You describe your initial reaction to needing to get a job at Starbucks while pastoring as a bit of an emotional struggle. Obviously, it wasn’t the trajectory you imagined, but God used that time powerfully. How do you feel situations like this look differently to “radical Christians” as opposed to someone with a healthier spirituality?
I think a hyper-spiritual Christian (and many of us are at least a little hyper-spiritual) would have two reactions, one real and the other a façade over it.
The real reaction is disappointment, feeling like you’ve failed God and he’s failed you. But because no one wants to feel like a failure (and we’re all afraid to accuse God of failure), we’ll give it a spiritual-sounding spin to cover the real response: “God gave me a mission to preach to all the customers who are waiting for their coffee.” If they’re especially hyper-spiritual, they might start writing “John 3:16” on the bottom of coffee cups. Obviously wanting to share the gospel is a good thing, but the problem lies in only valuing things if they sound spiritual.
I believe the healthier response would then be: “God, this is not what I had in mind and I’m struggling with disappointment. Please help me to trust you to work this out for your glory and my good. Help me work hard and glorify you in all I do, even when I don’t understand.”
What do you think drives the behavior of a “Radical Randy?”
Good question. I am sure there are many different possibilities, including an honest, yet tortured, desire to please God. But to truly be a Radical Randy, I think one would have to be motivated by spiritual pride—the need to feel like a better Christian than everyone else. For some reason, most of us struggle with “just” being a Christian. We need to add something to it: Christian + speaking in tongues, Christian + missionary, Christian + perfect theology. Any of those things are fine, until we use them to feel like a better Christian than others.
Was there a section or concept in Radically Normal you struggled to get right?
The entire book was a struggle to find balance as I addressed both obsessive Christianity and complacent Christianity. There was a real fear of God on me lest I excuse sin as I attacked legalism. The chapters “Between Legalism and Worldliness, Parts 1 & 2” were especially tricky to write for that reason and a lot prayer went into them. I hope that by clarifying the difference between “the world” and “worldliness” I’ll make it easier for believers to be holy without being legalistic.
If the 1999 version of Josh Kelley read Radically Normal, what would have resonated with him?
Strange as it sounds, what I would’ve needed the most was simply the books’ conversational tone and self-deprecating stories. You see, in 1999 I was a brand new assistant pastor, fresh out of college, and trying very hard to make sure everyone knew how smart I was. If that Josh would have written Radically Normal, it would’ve been an impressive tome, filled with big words and complicated exegesis. In other words, boring.

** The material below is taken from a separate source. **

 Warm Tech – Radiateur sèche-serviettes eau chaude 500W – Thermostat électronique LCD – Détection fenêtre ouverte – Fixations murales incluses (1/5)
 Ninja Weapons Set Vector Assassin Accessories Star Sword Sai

But I don’t think simply reading Radically Normal would’ve been enough—God first had to work deeply in my life to help me understand that my value and identity are in him, not being a “Christian + Bible expert.” Once I got that, I could start seeking to serve others instead of wanting being served by them.
Writing a book to like you’re smart and have your act together serves author; doing whatever it takes to communicate serves the reader (even if it’s telling a story about peeing your pants).
Sometimes you read a book that challenges and compels you to action, and sometimes you read a book that says, “Hey, take a breath and relax. You’re okay.” For me, this book fell in the latter category. That’s not a criticism—more often than not, I need to be reminded that Christ’s yoke is easy and his burden is light.
If this is a message you need to hear too, pick up your copy of Radically Normal. I’d give you mine, but I’m going to read it again.